Legion Runtime Performance Flags
The Legion runtime itself also provides command-line flags for
controlling the execution of its out-of-order task processor. Not
surprisingly many of these flags are related to parameters which
are tuned by hardware architects in out-of-order processors. Since
Legion is built in software though, users have the direct ability
to tune these parameters to their particular application. In keeping
with the naming scheme used above, all Legion runtime flags
are prefixed by
-lg:window- Specify the maximum number of operations that can be outstanding in a given task context (e.g. how many sub-tasks and operations can a task issue) before the task is stalled. This upper bound provides one way of applying back pressure on long running tasks and prevent them from running too far in advance. In many ways this value is analogous to the size of a re-order buffer (ROB) in hardware processors. The default value is 1024.

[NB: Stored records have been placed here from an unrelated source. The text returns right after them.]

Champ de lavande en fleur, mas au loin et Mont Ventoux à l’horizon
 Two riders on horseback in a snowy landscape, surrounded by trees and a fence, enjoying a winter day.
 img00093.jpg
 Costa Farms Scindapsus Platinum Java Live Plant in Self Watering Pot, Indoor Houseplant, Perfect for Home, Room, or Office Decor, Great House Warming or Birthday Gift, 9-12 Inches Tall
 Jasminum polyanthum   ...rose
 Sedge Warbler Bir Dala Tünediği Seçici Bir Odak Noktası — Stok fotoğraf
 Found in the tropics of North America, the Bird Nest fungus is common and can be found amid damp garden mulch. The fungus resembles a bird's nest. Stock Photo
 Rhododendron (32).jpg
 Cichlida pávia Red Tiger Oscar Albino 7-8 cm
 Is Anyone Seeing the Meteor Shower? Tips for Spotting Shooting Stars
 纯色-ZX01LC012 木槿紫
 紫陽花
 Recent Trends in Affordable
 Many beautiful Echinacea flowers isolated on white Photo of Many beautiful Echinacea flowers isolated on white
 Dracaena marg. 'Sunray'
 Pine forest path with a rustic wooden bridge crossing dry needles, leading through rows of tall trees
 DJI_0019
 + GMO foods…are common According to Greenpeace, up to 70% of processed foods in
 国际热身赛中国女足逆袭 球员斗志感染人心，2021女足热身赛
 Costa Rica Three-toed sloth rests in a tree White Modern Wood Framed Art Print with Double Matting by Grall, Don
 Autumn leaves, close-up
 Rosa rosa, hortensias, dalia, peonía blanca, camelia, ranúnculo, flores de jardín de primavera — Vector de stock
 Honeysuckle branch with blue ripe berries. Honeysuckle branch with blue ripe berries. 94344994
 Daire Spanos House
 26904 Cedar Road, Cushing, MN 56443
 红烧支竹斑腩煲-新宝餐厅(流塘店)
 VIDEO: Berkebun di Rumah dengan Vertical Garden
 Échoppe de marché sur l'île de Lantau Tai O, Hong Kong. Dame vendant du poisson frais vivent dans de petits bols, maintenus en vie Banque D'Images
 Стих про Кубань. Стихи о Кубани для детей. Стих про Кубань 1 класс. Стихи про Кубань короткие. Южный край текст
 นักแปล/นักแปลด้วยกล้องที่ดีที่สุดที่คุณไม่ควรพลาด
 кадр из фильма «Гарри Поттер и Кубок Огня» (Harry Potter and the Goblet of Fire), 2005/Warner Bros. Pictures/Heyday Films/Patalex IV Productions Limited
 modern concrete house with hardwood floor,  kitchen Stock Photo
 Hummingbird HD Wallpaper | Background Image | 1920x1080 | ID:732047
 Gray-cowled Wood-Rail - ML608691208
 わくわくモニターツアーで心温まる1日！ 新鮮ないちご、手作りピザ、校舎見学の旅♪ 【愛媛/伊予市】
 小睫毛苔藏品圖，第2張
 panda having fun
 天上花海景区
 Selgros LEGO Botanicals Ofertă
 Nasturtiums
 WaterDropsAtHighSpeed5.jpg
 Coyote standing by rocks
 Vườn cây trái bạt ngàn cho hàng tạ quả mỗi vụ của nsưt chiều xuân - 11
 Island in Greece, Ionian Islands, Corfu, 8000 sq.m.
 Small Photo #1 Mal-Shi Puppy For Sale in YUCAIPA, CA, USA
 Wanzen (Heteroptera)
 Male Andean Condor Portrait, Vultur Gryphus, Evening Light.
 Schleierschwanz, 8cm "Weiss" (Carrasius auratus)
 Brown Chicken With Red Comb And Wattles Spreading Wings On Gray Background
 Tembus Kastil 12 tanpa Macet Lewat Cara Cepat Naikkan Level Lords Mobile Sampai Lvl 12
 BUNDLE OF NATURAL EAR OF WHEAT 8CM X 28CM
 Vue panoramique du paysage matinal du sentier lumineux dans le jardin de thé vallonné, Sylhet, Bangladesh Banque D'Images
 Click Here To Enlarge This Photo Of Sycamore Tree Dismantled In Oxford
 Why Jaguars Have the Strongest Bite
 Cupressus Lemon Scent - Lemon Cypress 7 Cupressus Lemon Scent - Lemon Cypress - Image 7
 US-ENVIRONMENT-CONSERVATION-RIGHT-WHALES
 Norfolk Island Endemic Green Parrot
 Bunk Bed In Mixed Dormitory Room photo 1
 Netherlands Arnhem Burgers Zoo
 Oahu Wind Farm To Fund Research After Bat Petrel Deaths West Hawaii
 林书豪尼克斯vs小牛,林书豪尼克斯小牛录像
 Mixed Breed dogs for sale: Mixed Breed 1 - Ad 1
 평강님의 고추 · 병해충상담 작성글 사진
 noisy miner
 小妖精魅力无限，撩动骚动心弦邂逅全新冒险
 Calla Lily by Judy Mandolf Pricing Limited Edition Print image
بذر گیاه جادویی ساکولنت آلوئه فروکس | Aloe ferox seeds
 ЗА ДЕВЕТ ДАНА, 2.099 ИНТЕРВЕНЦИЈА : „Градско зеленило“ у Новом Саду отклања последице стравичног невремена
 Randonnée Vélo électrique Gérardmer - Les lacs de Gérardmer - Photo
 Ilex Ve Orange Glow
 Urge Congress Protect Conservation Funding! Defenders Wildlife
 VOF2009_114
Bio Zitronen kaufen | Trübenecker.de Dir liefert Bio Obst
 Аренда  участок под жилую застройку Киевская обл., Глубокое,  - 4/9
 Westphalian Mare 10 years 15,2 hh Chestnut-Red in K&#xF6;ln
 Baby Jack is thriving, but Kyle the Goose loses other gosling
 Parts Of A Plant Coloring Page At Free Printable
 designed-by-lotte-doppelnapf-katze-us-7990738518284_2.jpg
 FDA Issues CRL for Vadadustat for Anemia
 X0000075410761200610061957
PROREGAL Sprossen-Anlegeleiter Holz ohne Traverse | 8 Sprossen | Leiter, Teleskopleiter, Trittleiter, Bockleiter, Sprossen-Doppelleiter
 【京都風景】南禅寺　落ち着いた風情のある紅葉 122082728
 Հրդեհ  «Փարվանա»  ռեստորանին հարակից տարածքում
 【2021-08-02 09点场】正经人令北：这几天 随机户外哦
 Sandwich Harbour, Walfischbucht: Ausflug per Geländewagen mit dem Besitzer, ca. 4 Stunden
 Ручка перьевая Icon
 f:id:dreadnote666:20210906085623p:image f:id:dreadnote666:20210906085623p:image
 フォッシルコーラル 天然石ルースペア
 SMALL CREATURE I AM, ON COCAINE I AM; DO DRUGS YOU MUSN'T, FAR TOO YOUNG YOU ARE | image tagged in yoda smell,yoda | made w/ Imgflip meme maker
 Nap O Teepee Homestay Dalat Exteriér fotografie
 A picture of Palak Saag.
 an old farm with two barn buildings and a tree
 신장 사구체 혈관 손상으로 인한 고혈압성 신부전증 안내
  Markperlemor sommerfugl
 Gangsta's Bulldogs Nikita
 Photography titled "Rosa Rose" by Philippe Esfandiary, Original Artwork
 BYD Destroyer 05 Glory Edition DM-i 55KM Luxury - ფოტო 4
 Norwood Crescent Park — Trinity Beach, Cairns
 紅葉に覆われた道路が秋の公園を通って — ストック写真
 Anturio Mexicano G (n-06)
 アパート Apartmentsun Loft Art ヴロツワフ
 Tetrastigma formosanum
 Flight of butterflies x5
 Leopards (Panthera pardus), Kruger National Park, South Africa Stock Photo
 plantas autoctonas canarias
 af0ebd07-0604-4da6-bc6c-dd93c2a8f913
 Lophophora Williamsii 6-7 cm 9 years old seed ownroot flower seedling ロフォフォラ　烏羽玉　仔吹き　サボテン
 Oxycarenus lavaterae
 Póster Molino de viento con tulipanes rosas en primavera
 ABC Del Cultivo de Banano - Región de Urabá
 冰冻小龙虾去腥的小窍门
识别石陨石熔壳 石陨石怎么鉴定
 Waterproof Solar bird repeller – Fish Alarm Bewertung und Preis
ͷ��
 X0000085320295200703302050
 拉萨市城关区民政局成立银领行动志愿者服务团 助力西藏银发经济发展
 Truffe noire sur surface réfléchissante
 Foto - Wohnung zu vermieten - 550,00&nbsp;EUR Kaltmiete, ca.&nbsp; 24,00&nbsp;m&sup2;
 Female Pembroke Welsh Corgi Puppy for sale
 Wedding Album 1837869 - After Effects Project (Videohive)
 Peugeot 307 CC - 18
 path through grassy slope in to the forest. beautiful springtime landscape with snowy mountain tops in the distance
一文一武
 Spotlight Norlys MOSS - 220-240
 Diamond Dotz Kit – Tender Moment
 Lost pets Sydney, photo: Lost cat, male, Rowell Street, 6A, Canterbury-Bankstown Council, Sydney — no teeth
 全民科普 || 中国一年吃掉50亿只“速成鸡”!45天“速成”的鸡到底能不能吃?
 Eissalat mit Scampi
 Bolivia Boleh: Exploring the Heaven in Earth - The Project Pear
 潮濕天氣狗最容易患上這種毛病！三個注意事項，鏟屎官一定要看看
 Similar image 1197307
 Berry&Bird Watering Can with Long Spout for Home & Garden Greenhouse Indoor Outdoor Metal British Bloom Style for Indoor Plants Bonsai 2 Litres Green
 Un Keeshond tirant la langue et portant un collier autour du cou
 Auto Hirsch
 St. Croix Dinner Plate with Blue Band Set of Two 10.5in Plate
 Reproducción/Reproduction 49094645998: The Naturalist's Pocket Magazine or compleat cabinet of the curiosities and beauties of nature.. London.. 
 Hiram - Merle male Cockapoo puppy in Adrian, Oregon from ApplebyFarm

-lg:sched- Set the maximum number of ready tasks which must be available to run on a low-level processor before the high-level runtime stops invoking the mapper to schedule more tasks. This controls how far in advance tasks are scheduled onto a processor. Note by Little’s Law, more tasks must be mapped to a processor if the tasks require longer to map. In many ways this value is analogous to the number of entries available at reservation stations for hardware resource units. The default value is 1.
-lg:width- Indicate the number of operations which the high-level runtime should consider when making a scheduling pass. The wider this is, the more operations will be touched in a scheduling pass. This can increase throughput, but also increase latency of scheduling on processors. This value is analogous to the super-scalar width of modern processors. The default value is 4.
-lg:message- Specify the maximum size of messages in bytes that can be sent between two instances of the high-level runtime. Smaller message sizes can decrease the latency of communication by pipelining communication, but can achieve lower interconnect bandwidth. Larger messages can achieve higher bandwidth, but at the cost of higher latency. The default value is 4096 bytes to ensure reasonable latency and bandwidth by ensuring medium size GASNet active messages are used on both Infiniband and Cray GASNet conduits.
-lg:filter- This flag is more subtle and we only encourage users to make use of it after gaining some understanding of how the Legion runtime operates. In some application, there are many live operations that are non-interfering in different ways simultaneously. Since most non-interference tests end up failing, there is significant amounts of runtime analysis that is not useful. To help reduce this overhead, users can request that the list of users of physical instances be trimmed to some maximum size, possible in a way that reduces the precision of runtime analysis but not in a way that is unsound. By default this setting is disabled with the value 0. Reasonable values are usually in the range of 128 to 4096.